英単語を知らないと、もちろん英語は話せません。ただ、多くの方が英単語の勉強の仕方が見えていません。語彙力があることとはどういうことか、誤解があるからです。効果的で無駄のない英単語の勉強法とは・・・

1.単語力とは

語彙力とは?

あなたは語彙力(ボキャブラリー)があるということの意味を本当にわかっていますか?そこを分かっていないと、英単語学習も無駄の多いものになります。物理的に言うと、英語を話すことは沢山の英単語を口にすることです。ですから、英語を話したいあなたが語彙力をつけることはあなたの緊急課題です。

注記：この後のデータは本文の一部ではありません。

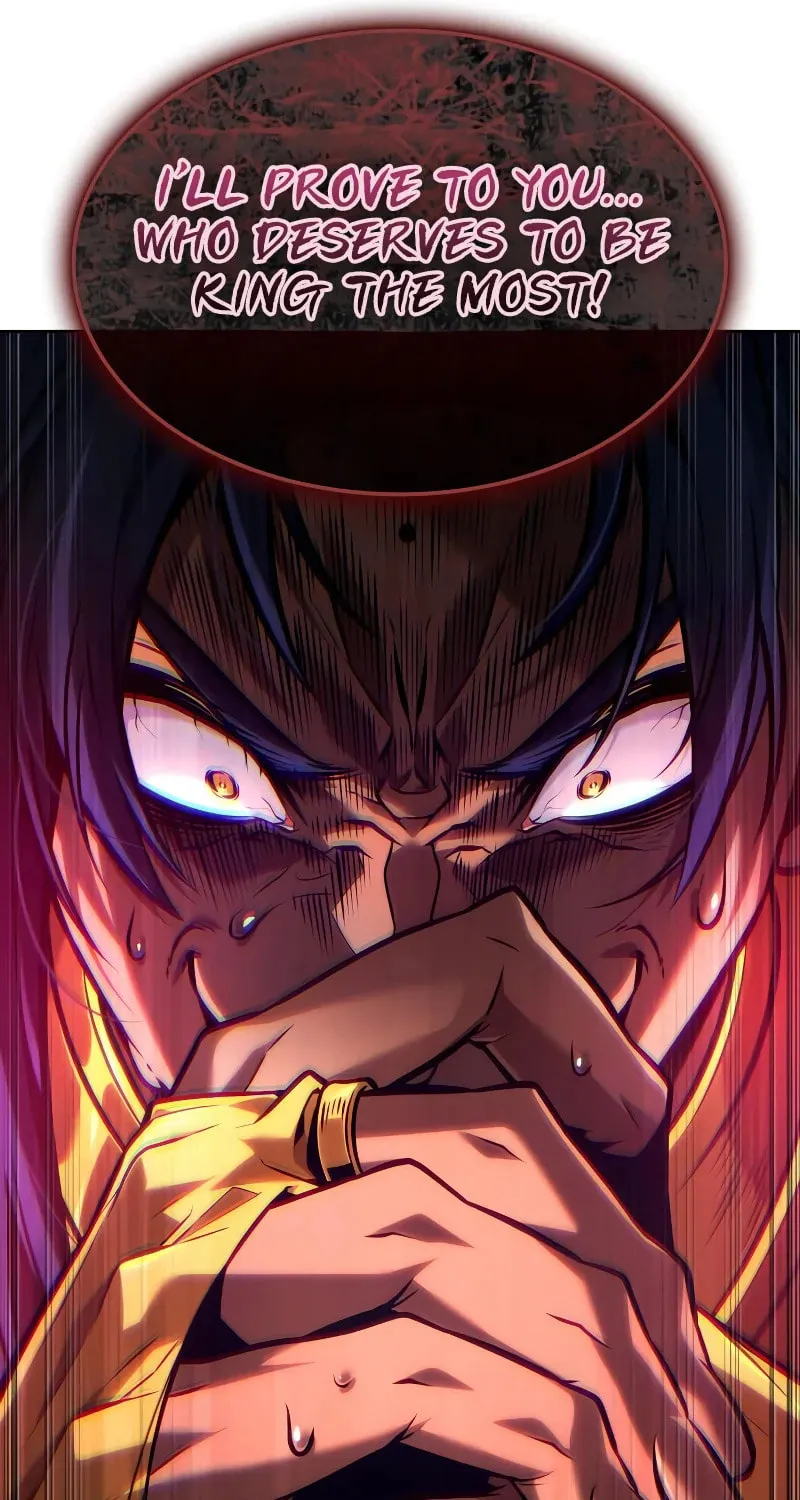 Maplestory: The Last Adventurer Chapter 88 page 105 -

では、語彙力があるとはどういうことでしょう。そこを誤解している方が多いので、間違った勉強の仕方になります。語彙力があるとは、たくさん英単語を知っていることではありません。わたしは上智、早稲田、慶応、東京大学、などの難関大学に合格したばかりの大学1年生に英語を教えてきていますし、今現在もそう言った学生さんがわたしの生徒さんにいます。厳しい受験英語を勝ち抜いてきた彼らは、沢山の英単語を知っていますが、彼らの英会話力は一番下の初級レベルです。
ほとんど話せませんし、英語が口から滑らかに出てくることとは程遠いレベルです。ようやく絞り出す英語も、非常に不自然な聞き苦しい、日本人英語でしかありません。彼らは沢山の英単語を知っているだけだからです

本当に語彙力があると言うのは、
「使いこなせる英単語を沢山持ち合わせている」
いや、これでもまだ本物の語彙力の定義にはなりません。いくら多くの英単語を使いこなせても、その英単語が普段の生活の中でほとんど使われることのない英単語だと、あまり役にも立ちません。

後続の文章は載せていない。